The small central European country of Slovenia, a former member of the Socialist Federal Republic of Yugoslavia, is transitioning from its failed Marxist ideology to freer markets and a more limited state. Many Atlas partners in the region are working to introduce their fellow countrymen and former comrades to the ideas of the free society of responsible individuals. A prime example is Bogdan Sajovic, a Slovenian journalist who writes for the weekly newspaper Demokracija and the Carantania Institute .
In April, the Atlas-administered Bojan and Vida Ribnikar Fund sponsored a trip for Sajovic to visit the United States to report on the Tea Party Movement, meet fellow limited government promoters, and attend Atlas’ annual flagship event, The Atlas Experience. During his visit, Sajovic attended the well-known “Wednesday Meeting” organized by Grover Norquist at Americans for Tax Reform and was asked to speak about the nature of his work and the battle of ideas in Slovenia.

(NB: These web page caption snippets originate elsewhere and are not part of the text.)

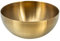 Operitacx Edelstahl SalatschüSsel, 15 Cm Kleine RüHrschüSsel Suppenschalen Metallschale Salad Bowl FüR Nudeln, Reis, Suppe, MüSli, Salat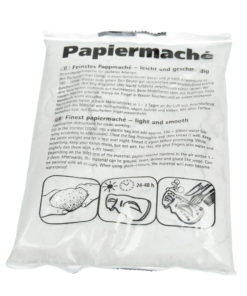 Efco Papiermache Modelliermasse, 200 g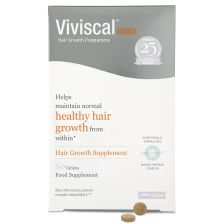 Viviscal - Food Supplement for Men - 60 Tablets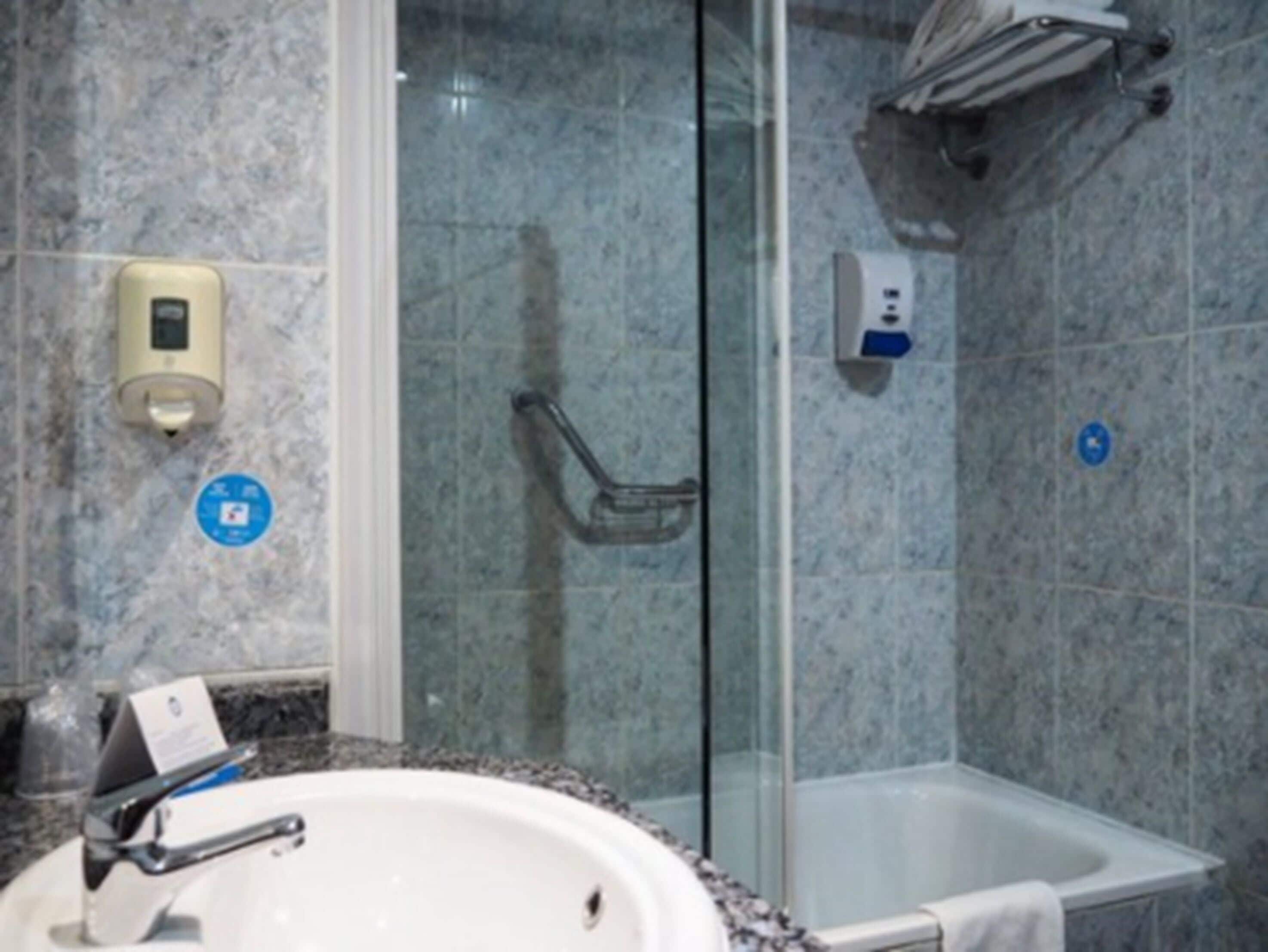 Hotel Humanes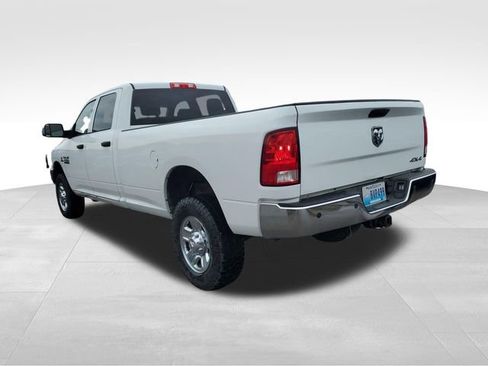 Used 2017 RAM 2500 Tradesman w/ Chrome Appearance Group image 6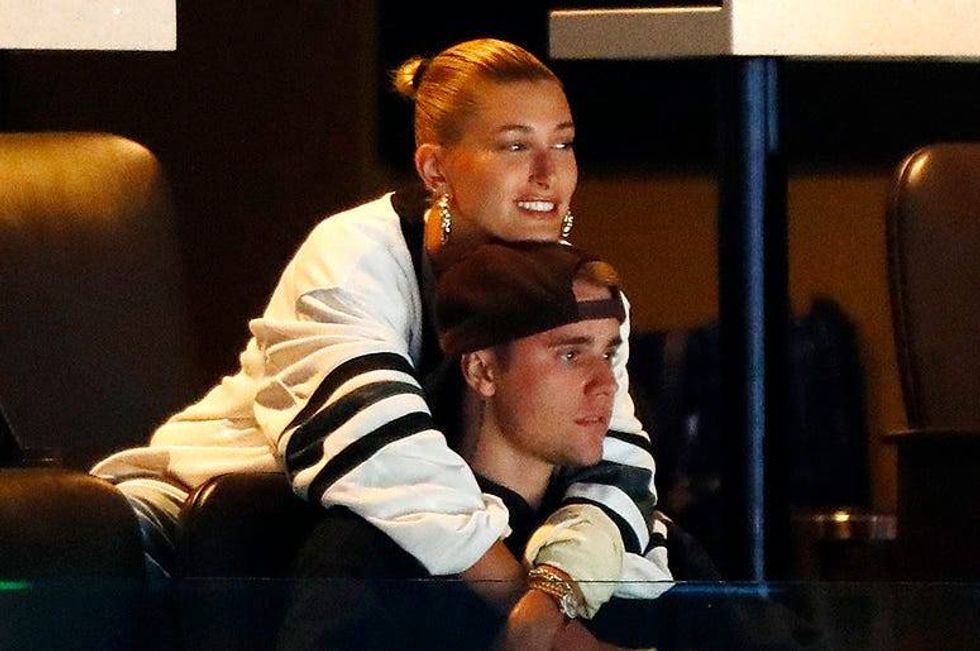 Justin Bieber and wife reportedly sell their starter home for 'only' $7.9 million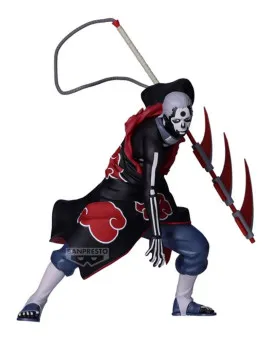 Statue Naruto Shippuden - Vibration Stars - Hidan (Ver. B) 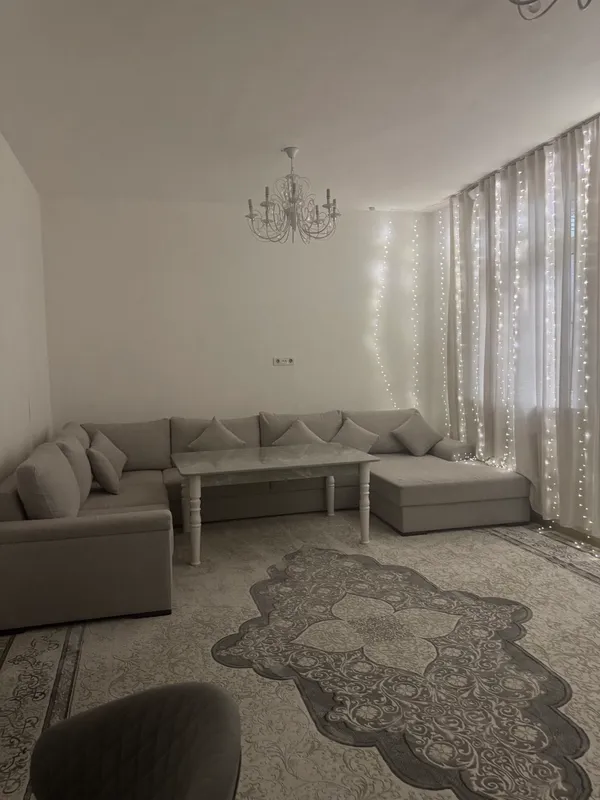 5-комн квартира, 130 м², 1/8 этаж (вторичка) 2
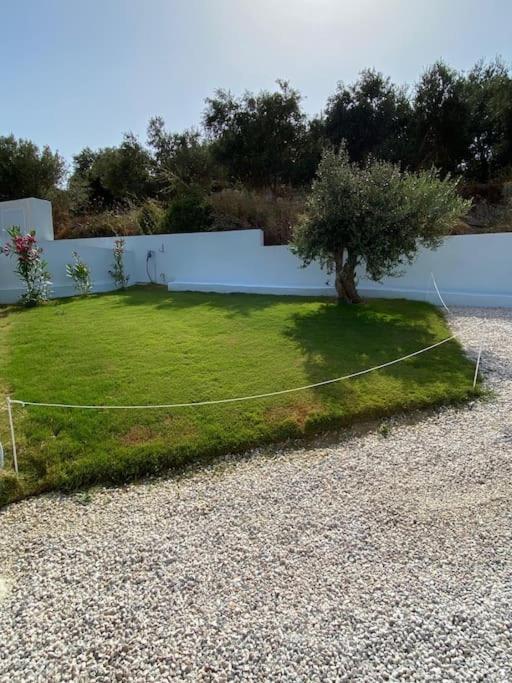 Pousada Panorama Modi Chrissi Akti Chania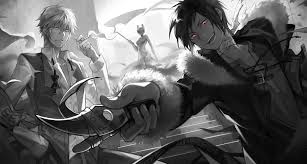 #всадник_без_головы #durarara #drrr #izaya_orihara #shizuo_heiwajima #izaya #shizuo #shizu_iza #shizaya #тандем. Izaya Orihara Home Facebook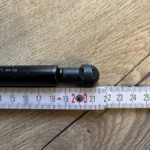 Siłownik Lift-o-mat Hettich 380N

In his presentation, Sajovic presented what he thought were the most salient problems in his home country:
“First, we have to make people understand that politicians are elected and paid by the people and that, once elected, they have not become hereditary monarchs but can be replaced… Second, make people understand that public servants shall serve the people (since they are paying them) and not the other way around. Third, make it clear to the people that the social state does not give anything for free, on the contrary, all the crumbs are only the remnants of what has been taken from us through taxes after the majority have been eaten up by politicians, bureaucracy and all other political hangers-on. Fourth, that a free man takes matters in his own hands, decides according to his own judgment, and does not rely on the nanny state if he wants to be free.”
Sajovic went on to tell the audience how he became involved with the Carantania Institute and how he is working to change the attitudes that do so much harm:
“Some of my articles and views, and the presentation of Milton Friedman’s work in particular, encouraged Dr. Lovro Šturm to give me the honor and invite me to work for the Carantania Institute through the mediation of Mr. Borut Prah and the Atlas Economic Research Foundation. The Carantania Institute will increase the frequency of spreading our views via the internet, and I am one of those who posts articles to their web site… I am so glad to have the opportunity through the Atlas Foundation to meet people of similar opinions and to acquire additional knowledge.”
In addition to sharing the current challenges to free enterprise facing Slovenia, Sajovic took home new ideas and contacts through meetings with Alex Chafuen and Leonard Liggio, participating in parts of the Atlas Think Tank MBA program, and attending The Atlas Experience, where he took full advantage of the vast Atlas network. There, he was introduced to fellow Slovenian Tanja Stumberger of the Cato Institute, who runs The Liberty Seminars in Slovenia, another project supported in part by the Bojan and Vida Ribnikar Fund. This year’s seminars focus on two topics: the first (September 14-20, 2010) focuses on rights, private property, justice, and civil society; and the second (September 22-27, 2010) will address economic and political institutions, governance and corruption, markets and morality, privatization, and crony capitalism.
In June 2010, Atlas President Alex Chafuen traveled to Slovenia to meet again with Sajovic and visit with members of the Carantania Institute. Chafuen was introduced to various groups and individuals involved in promoting free markets in the region, including university professors, law students, think tank representatives, and journalists. Working with old allies and new friends, Atlas and the Bojan and Vida Ribnikar Fund continue to catalyze, connect and foster the relationships that strengthen the Slovenian movement for liberty. As the ideas of freedom and individualism become more popular in central Europe, the drive to create change in policy and civil society will grow ever stronger.